Três artistas que se destacam na exploração dos vegetais como matéria para a elaboração de seus trabalhos são Nils Udo e a dupla Christa Sommerer e Laurent Mignonneau.

Nils Udo (Alemanha – 1937) é um artista alemão que se destaca pela proposta de trabalhar com materiais orgânicos, geralmente encontrados no mesmo local onde são produzidas as suas instalações. Inicialmente, dedicou-se à pintura, passando a mudar a sua criação no ano de 1972, voltando-se para as propostas da arte ambiental e da Land Art. Uma das principais características de suas composições é a valorização do espaço, que se destaca pelos arranjos formais de suas produções. O ambiente, portanto, passa a ser parte da composição e do sentido da obra, contrapondo o espaço como mero local expositivo.

Em “Casa de Água” (figura 1), a composição apresenta elementos que reforçam o caráter transitório da obra: troncos vegetais finos, folhas que despontam em seu topo e o movimento das águas.

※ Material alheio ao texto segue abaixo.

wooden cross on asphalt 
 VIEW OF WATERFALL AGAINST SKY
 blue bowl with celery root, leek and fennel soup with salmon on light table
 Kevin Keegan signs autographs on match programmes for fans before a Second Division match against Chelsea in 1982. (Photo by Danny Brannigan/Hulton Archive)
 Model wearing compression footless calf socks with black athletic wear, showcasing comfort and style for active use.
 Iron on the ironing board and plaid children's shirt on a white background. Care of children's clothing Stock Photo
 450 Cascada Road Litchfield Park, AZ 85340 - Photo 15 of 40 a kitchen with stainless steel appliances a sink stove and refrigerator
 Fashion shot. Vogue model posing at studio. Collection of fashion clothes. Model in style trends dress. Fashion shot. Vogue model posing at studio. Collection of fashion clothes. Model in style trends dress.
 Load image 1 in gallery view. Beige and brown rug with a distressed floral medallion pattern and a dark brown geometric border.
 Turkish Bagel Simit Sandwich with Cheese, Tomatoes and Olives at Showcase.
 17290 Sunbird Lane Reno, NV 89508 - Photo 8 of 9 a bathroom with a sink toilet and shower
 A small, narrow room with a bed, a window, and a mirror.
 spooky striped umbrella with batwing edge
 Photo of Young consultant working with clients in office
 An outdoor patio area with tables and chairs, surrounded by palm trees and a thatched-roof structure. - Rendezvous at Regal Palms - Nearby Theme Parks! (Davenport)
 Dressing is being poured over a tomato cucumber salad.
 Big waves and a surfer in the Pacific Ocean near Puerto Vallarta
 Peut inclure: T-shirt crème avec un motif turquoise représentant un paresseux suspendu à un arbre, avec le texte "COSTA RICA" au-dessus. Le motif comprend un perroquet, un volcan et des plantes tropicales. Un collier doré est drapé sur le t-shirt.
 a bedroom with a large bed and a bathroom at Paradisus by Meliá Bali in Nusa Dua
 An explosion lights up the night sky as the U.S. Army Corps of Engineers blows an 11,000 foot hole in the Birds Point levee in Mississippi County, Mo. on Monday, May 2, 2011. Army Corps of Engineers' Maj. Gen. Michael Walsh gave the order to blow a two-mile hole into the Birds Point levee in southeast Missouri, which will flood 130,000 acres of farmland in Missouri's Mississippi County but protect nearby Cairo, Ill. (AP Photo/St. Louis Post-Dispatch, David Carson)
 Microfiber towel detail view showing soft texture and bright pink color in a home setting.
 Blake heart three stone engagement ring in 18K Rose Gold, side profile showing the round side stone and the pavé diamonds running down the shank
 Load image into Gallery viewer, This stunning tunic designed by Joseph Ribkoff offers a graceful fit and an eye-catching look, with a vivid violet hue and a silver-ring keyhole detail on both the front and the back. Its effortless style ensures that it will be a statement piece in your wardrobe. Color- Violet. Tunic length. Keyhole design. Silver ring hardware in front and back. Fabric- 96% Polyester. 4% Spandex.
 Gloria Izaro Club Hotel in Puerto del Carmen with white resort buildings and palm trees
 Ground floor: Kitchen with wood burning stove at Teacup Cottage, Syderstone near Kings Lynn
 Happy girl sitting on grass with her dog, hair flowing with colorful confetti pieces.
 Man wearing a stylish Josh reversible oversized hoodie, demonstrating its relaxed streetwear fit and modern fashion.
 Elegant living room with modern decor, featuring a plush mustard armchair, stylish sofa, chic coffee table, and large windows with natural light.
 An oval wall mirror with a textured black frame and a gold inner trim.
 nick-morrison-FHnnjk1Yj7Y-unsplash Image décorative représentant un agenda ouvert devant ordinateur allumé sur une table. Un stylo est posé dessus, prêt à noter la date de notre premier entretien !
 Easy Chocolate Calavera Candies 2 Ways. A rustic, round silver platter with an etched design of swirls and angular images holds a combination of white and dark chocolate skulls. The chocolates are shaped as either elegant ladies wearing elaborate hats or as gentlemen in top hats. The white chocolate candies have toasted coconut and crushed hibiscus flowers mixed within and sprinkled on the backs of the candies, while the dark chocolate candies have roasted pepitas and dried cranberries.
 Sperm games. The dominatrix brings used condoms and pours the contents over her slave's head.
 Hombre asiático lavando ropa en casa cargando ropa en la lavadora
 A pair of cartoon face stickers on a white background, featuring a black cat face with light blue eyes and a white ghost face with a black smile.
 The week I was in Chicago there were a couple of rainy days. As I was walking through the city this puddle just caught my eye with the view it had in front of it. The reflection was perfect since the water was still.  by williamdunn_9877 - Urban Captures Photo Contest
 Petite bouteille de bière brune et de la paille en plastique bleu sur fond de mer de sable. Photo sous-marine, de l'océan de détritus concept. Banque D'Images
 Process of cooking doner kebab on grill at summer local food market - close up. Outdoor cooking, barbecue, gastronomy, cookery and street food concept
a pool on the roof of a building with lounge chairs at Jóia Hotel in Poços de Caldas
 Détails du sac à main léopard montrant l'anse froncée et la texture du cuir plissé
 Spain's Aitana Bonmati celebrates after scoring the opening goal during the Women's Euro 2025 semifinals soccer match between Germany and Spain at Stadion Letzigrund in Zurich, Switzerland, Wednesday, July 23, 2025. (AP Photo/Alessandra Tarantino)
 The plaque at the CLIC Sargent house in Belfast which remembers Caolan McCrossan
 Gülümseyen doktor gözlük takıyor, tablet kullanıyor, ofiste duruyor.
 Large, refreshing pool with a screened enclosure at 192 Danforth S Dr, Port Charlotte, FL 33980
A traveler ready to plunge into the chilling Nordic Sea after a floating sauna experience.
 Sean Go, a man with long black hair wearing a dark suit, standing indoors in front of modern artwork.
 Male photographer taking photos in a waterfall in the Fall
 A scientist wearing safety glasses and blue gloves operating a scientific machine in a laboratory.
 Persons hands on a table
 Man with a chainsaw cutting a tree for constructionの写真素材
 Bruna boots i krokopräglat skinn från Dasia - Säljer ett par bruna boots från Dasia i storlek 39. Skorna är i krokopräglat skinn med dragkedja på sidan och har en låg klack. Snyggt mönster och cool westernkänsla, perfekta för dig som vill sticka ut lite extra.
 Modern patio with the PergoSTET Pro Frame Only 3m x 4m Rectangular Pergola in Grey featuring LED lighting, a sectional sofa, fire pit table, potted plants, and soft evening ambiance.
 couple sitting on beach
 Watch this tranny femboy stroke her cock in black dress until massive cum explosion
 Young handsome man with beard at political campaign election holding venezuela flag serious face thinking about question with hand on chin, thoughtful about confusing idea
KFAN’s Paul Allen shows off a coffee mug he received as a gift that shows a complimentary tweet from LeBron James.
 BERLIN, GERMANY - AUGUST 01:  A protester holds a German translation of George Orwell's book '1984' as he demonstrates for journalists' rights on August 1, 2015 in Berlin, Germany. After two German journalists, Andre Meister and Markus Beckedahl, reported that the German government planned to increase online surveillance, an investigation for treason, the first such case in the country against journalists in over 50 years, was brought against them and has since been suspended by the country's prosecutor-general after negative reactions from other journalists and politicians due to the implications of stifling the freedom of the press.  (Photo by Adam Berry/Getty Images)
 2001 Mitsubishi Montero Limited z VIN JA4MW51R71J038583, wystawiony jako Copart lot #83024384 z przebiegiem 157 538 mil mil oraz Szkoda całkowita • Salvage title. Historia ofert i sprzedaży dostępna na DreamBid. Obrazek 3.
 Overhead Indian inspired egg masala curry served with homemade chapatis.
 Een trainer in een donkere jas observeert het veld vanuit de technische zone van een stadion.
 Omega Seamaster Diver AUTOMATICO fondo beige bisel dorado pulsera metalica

Essa montagem é transposta para um espaço diferente daquele onde costumeiramente nasceria e se desenvolveria. Trata-se da orla do mar, em uma região entre a areia e a água. A ação do ambiente, como é possível notar, torna-se essencial na construção da própria obra. As mudanças no clima, na velocidade dos ventos, no nível de água do mar podem desintegrar a obra ou alterá-la paulatinamente. Há, portanto, uma teia de mediações, que consiste naquele que tem contato com a obra, ou seja, que pela via sensível elaborará uma aproximação e interpretação singular com ela; pelos elementos do ambiente, parte de sua constituição e metamorfose; e pela ação do artista, responsável por criar a rede de significação da instalação. A natureza, portanto, não é uma paisagem, e sim sujeito dotado de ação que modifica constantemente os elementos postos em relação. O ambiente e os materiais são a própria obra de arte, por isso não há a introdução de materiais definidos pelo artista como “artefatos pré-fabricados”, considerados como meros elementos decorativos (UDO, 2002, p.23).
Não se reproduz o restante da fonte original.